Coherent transport in density-tunable topological surface states in Bi2Se3

TYPECondensed Matter Seminar
Speaker:Hadar Steinberg
Location:Lidow Nathan Rosen (300)

I will present our studies of electronic transport in the density-tunable surface states of the Topological Insulator (TI) Bi2Se3. TI surface states, intensively studied by ARPES and STM, pose a challenge for transport experiments due to parallel conduction through bulk states, limited surface density tunability, and uncertainty in the surface-to-bulk coupling. To single out the surface transport we study thin devices (<100 nm) fabricated by two different approaches: (i) Bi2Se3 flakes exfoliated from single crystals1; (ii) Devices patterned from evaporated thin films. In the thin film devices transport is dominated by the surface states, and exhibits pronounced ambipolar resistance modulation2.

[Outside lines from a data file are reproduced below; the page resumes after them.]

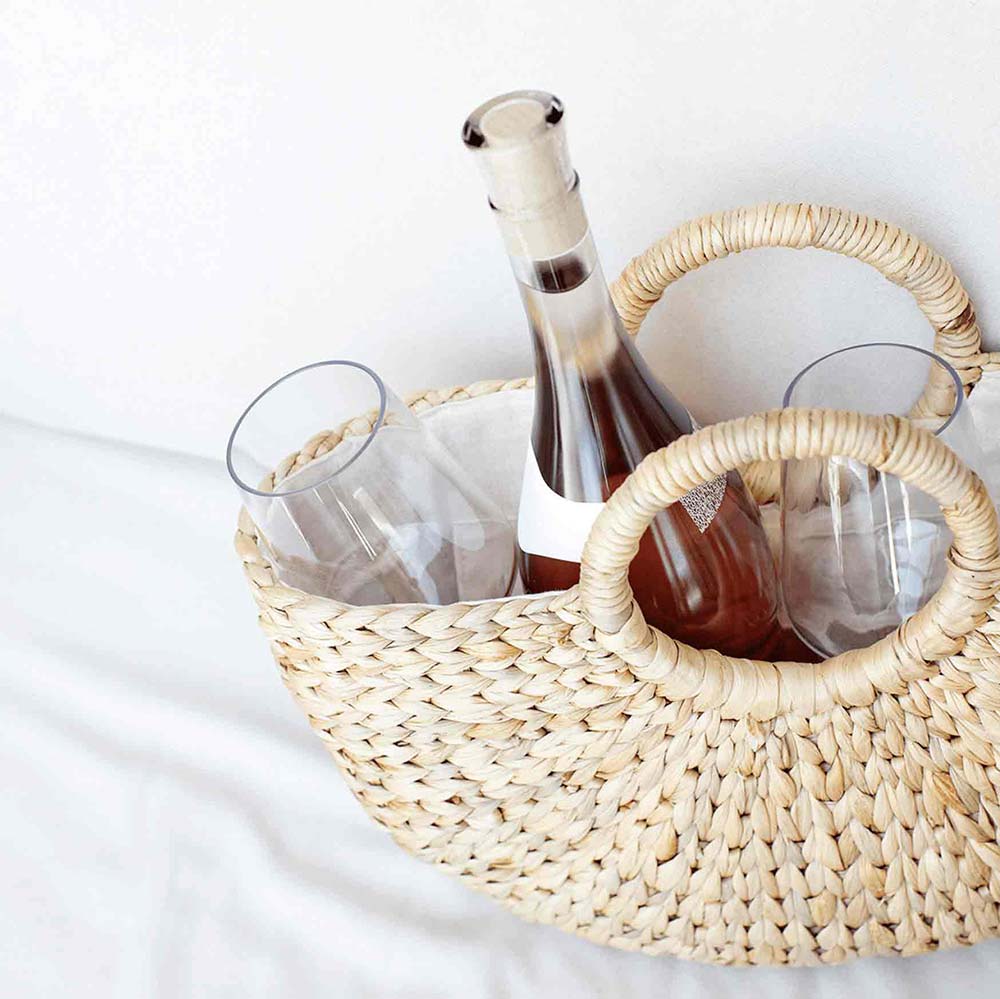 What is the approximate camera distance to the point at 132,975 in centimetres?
52

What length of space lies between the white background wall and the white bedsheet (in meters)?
0.14

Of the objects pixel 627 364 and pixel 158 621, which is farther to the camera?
pixel 158 621

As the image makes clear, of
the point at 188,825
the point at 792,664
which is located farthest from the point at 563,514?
the point at 188,825

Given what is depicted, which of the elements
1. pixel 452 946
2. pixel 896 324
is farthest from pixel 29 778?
pixel 896 324

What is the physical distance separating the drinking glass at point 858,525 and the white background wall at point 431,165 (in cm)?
9

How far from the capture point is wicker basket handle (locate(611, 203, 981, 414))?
1.32 ft

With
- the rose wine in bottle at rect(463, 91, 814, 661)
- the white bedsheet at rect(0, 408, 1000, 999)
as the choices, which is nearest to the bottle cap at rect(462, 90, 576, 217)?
the rose wine in bottle at rect(463, 91, 814, 661)

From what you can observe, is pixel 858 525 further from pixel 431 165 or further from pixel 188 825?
pixel 188 825

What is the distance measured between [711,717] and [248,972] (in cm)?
28

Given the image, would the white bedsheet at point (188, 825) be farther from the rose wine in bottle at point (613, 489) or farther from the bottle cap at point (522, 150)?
the bottle cap at point (522, 150)

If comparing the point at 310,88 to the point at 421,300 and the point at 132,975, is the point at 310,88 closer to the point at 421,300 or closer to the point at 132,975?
the point at 421,300

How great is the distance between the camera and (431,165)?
0.48 metres

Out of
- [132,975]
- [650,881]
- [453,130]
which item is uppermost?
[453,130]

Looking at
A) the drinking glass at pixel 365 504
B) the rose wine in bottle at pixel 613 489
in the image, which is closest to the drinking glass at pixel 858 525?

The TI devices exhibit an unusual weak-antilocalization correction to conductance, which appears to be carried by multiple coherently-independent channels. The effective number of independent channels depends on the voltage of the density-tuning gate, on temperature, and on the bulk doping. We suggest that this is a consequence of tunable surface-to-bulk coupling, and that our results provide an indication that the surface state individually exhibits the weak-antilocalization correction, as expected from its chiral properties.


1. Surface State Transport and Ambipolar Electric Field Effect in Bi2Se3 Nanodevices. H. Steinberg, D. Gardner, Y. Lee & P. Jarillo-Herrero. Nano Letters 10, 5032-5036 (2010).

2. Electrically tunable surface-to-bulk coherent coupling in topological insulator thin films. H. Steinberg, J.-B. Laloë, V. Fatemi, J.-S. Moodera & P. Jarillo-Herrero. arXiv:1104.1404 (2011).